▶
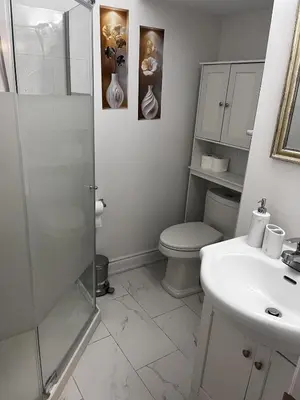 a bathroom with a toilet and a shower and a sink at Brand New Comfortable and Cozy Apartment near the Airport in Toronto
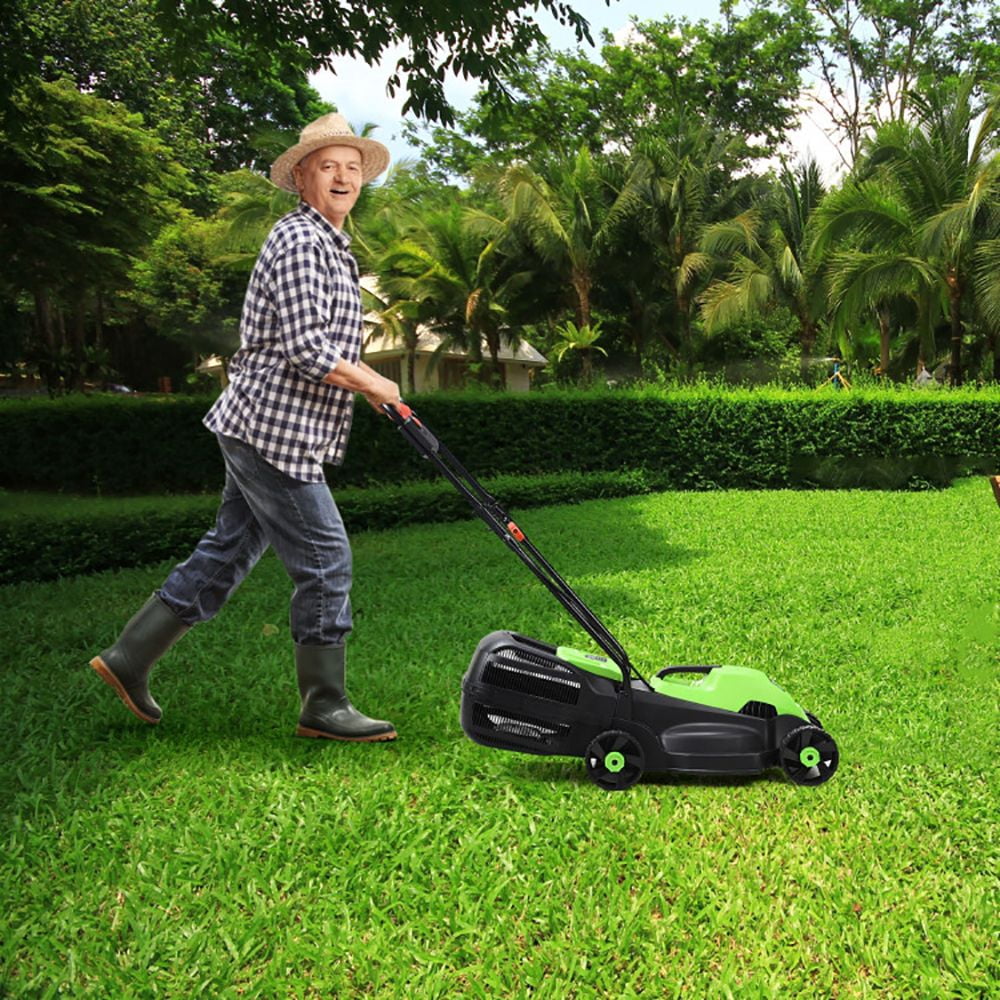 13 Inch Electric Push Lawn Corded Mower with Grass Bag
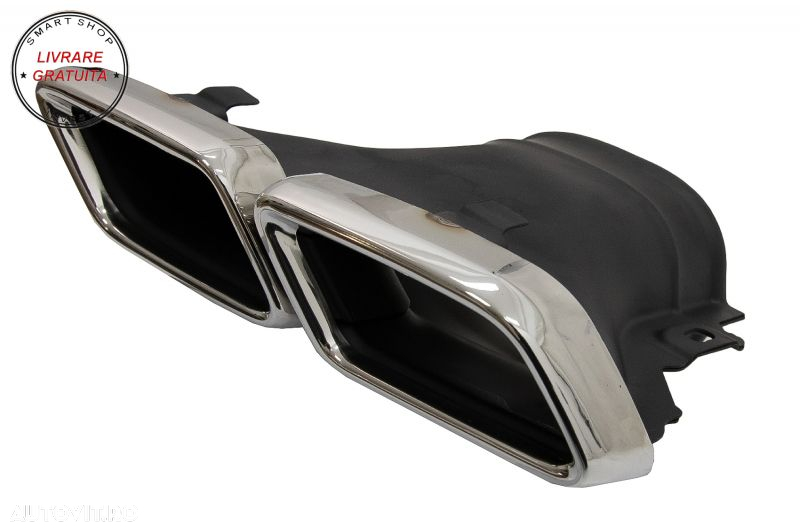Difuzor Bara Spate cu Ornamente tobe Crom Mercedes E-Class W213 (2016-2019) E63 De- livrare gratuita - 4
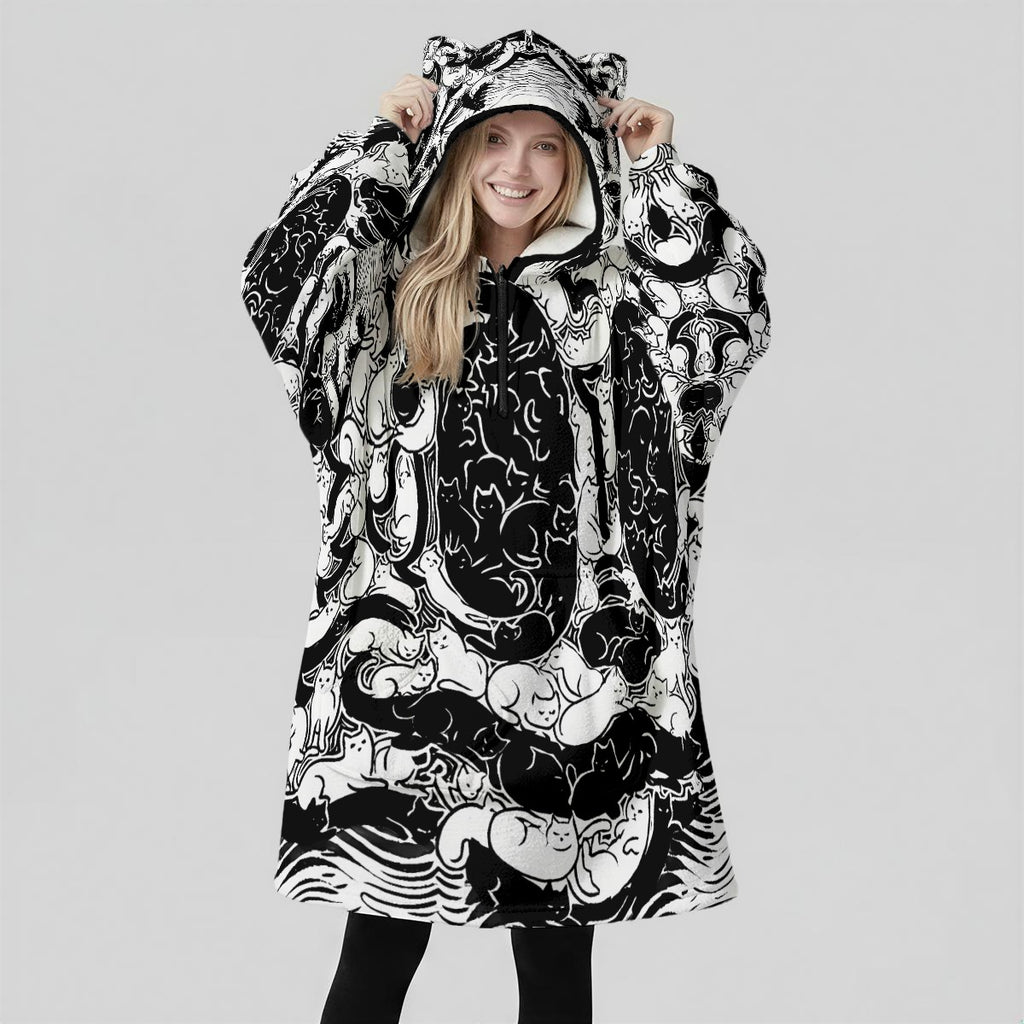 KATZ Women's Fleece Oversized Hoodie Blanket With Decorative Ears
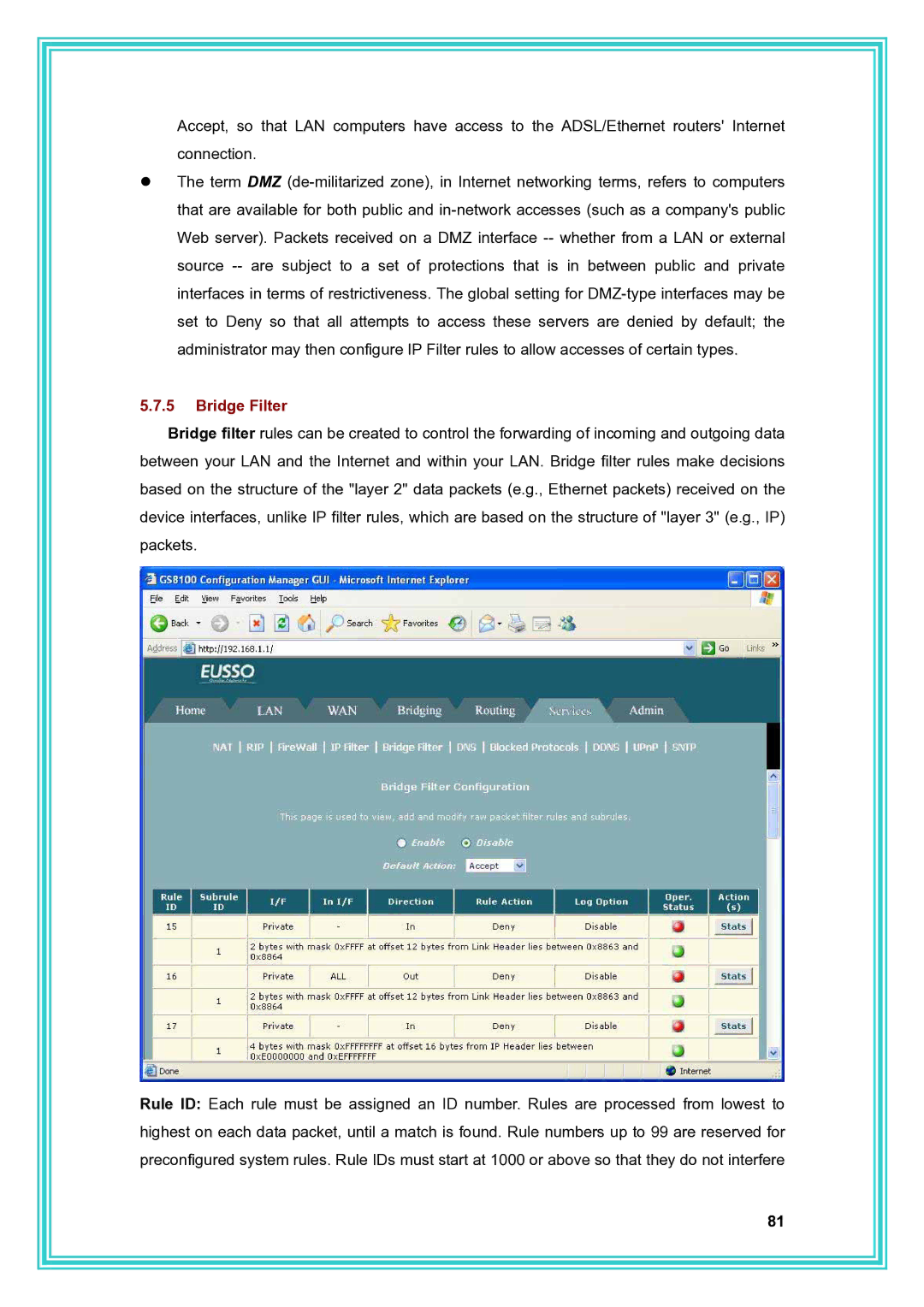 PC Concepts ADSL2+ user manual Bridge Filter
◀
▶ Directions for this task
With the images removed, write out all of the material above exactly.

▶ Exercise solution
 a bathroom with a toilet and a shower and a sink at Brand New Comfortable and Cozy Apartment near the Airport in Toronto
 13 Inch Electric Push Lawn Corded Mower with Grass Bag
Difuzor Bara Spate cu Ornamente tobe Crom Mercedes E-Class W213 (2016-2019) E63 De- livrare gratuita - 4
 KATZ Women's Fleece Oversized Hoodie Blanket With Decorative Ears
 PC Concepts ADSL2+ user manual Bridge Filter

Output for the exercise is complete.